Objective. In a German-Swiss consortium, the German/Swiss version of the ECAS was validated.
Methods. N=136 ALS patients and N=160 healthy controls were included in the study. ECAS were administered in a German version to N=56 healthy subjects from Ulm and N=55 from Hannover. A slightly modified Swiss version was administered to N=49 healthy subjects from St Gallen. Data were compared to N=62 ALS patients from Ulm, N=41 from Hannover and N=31 from St Gallen. N=53 carer behaviour screens were filled out. In addition, frontal assessment battery (FAB), Montreal cognitive assessment (MOCA) and CERAD was administered to subgroups of patients. Datasets of N=10 patients were tested on interrater-reliability.
Results. Administration of ECAS was fast (mean 22 minutes; range 17-38). Data of healthy subjects produced total ECAS cut-off score of 82/135; 59/100 for ALS specific functions and 20/36 for Non-ALS specific functions. ECAS cut-off score adjusted for age and education were determined for the German and Swiss group separately. Patients performed significatly worse in the ALS specific functions (p<0.001), in specific in the domain of language (p<0.001), verbal fluency (p=0.005) and executive functions (p=0.02) but not for the Non-ALS specific functions. Carers reported that 30% of the patients presented with behavioural abmnormalities and 8% with psychotic symptoms. Internal consistency of ECAS with FAB and MOCA, respectively, was high for Non-ALS specific functions only (Chronbachs alpha >0.06), but not for ALS specific functions (Cronbachs alpha <0.04). Interrater-reliabilty was high.
Conclusion.
The German/Swiss version of the ECAS is a fast to administer cognitive screening instrument sensitive for ALS specific functions.

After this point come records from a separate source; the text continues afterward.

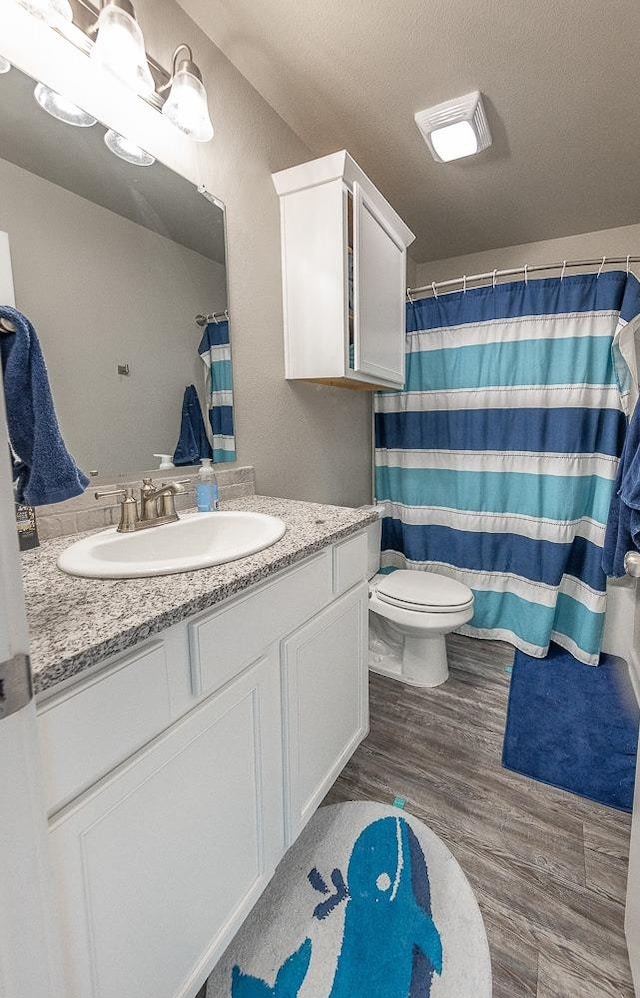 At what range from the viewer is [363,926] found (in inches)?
41.0

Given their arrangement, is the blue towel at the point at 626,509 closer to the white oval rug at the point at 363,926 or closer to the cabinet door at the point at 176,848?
the white oval rug at the point at 363,926

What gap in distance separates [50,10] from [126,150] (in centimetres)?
26

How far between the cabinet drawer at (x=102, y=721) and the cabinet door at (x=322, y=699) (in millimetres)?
372

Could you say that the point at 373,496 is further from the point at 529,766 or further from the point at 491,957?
the point at 491,957

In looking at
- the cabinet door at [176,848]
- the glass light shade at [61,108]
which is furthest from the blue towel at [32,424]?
the glass light shade at [61,108]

It is additionally informative about behavioural changes. Cut-off scores of the German/Swiss version were far below those of the English version, highlighting the importance of validation and defining language specific cut-off scores. Age and education produced a high variance in data, asking for the need to produce age and education adjusted cutoffs, separately for the German and Swiss version.